One well-meaning physician suggested I might imply I contracted the virus through a transfusion while working in East Africa. One problem with his suggestion is not only that it's not true, but that I left Africa in 1973 and therefore would almost certainly be the longest living AIDS survivor in the world!

The simple but painful truth is that I do have AIDS and have been HIV positive for many years. I shared that fact with very few people. I was determined it should not become the central fact of my life and I believed I still had a few good homilies in me as well as freedom to continue my pastoral ministry.

I think I made the right decision but, inevitably, the first subtle symptoms began to manifest themselves and I chose to retire rather than risk the decision being taken out of my hands by new complications.

I have been under a physician's care and have been given the new protease medications, which might turn this disease around. The fact that I'm still here may be cause for greater hope than I dared to expect. But, like others, I try not to get my hopes too high.

I regret that constant fatigue makes it almost impossible to do creative things, much less continue my active ministry. I am kept humble if not guilty by the fact that my medical plan provides $2,500 a month for my medications, while so many are left without effective treatment.

Meanwhile, with so much time and quiet at my disposal, I have been free to reflect on my life, my commitment to ministry, the deeper implications of the church's law of celibacy, demanded as a precondition to ordination, and the church's seeming obsession with sins of the flesh, while too easily accepting structural injustices that constantly oppress the poor and powerless.

From childhood I always wanted to be a priest. I was fascinated by every facet of the priest's role, bringing comfort to those in distress and reassurance to those with doubts about God's love and forgiveness. Of course, I was not indifferent to the ritual mysteries and the deference of the people.

I never seriously considered any other vocation and, when I was ordained in 1962, I felt a tremendous sense of fulfillment. But I can say quite candidly that I never personally embraced celibacy as a gift from me to God or a grace from God to me. It was something I had to accept as the price of the priesthood I never wavered from wanting.

There was no apparent way to solve my sad dilemma. I could have summoned the courage to leave the ministry and find a deep personal relationship. But in fact that was no answer, because of my sexual orientation. The church had condemned the type of relationship for which I longed. To be in sync with the hierarchic church, I was destined to be celibate, like it or not.

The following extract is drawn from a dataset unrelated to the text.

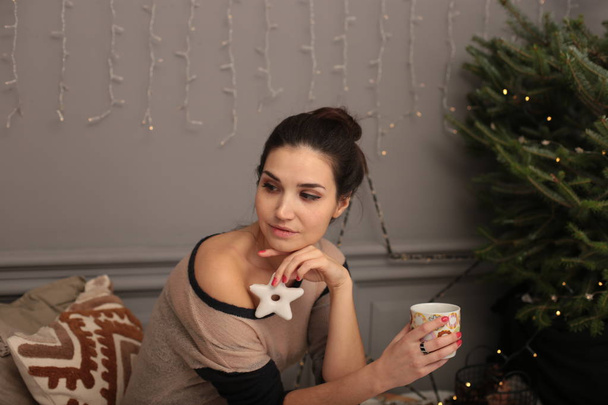 Kaunis nuori tyttö lämpimässä puserossa piparkakkukeksien ja kupin teetä kanssa
 - Valokuva, kuva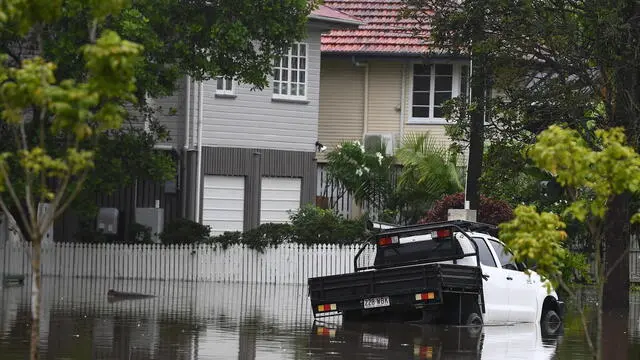 epa11952933 Flooded houses are seen in Oxley, in Brisbane, Australia, 10 March 2025. A cyclone has been downgraded to a tropical low but its impact is still being felt with a region reeling from major flooding with more wild weather forecast. EPA/JONO SEARLE AUSTRALIA AND NEW ZEALAND OUT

In the context I have described, you won't be terribly surprised that I became persuaded of the emptiness of celibacy for me. In time I made decisions at odds with my vows -- some very foolish, unfortunate decisions for which I now pay a terrible price.

I must never deny responsibility for those decisions or try to contrive some innocent excuse. But neither can I deny that we priests have long realized that the institutional church has done extraordinary harm to both the laity and to us in its adamant stance on all sexual issues. We do well to remember that this is the same institutional church that only in our time gave approval to Galileo's discoveries and more recently gave us permission to explore the notion of evolution.

I will never regret becoming a priest. The love and affirmation I have experienced in my ministry is a priceless treasure to me. But I cannot avoid a deep, abiding sense of sorrow for the many ways in which we have failed to deal courageously with the sexual myopia of the institution. Perhaps my belated decision to share these thoughts will encourage other priests to speak, but I rather doubt it.

As for me, I will continue to draw strength from my oft- repeated preaching, which insists, "We do not have a God who has mercy. Rather, our God is mercy, love and forgiveness. Nothing shall I fear."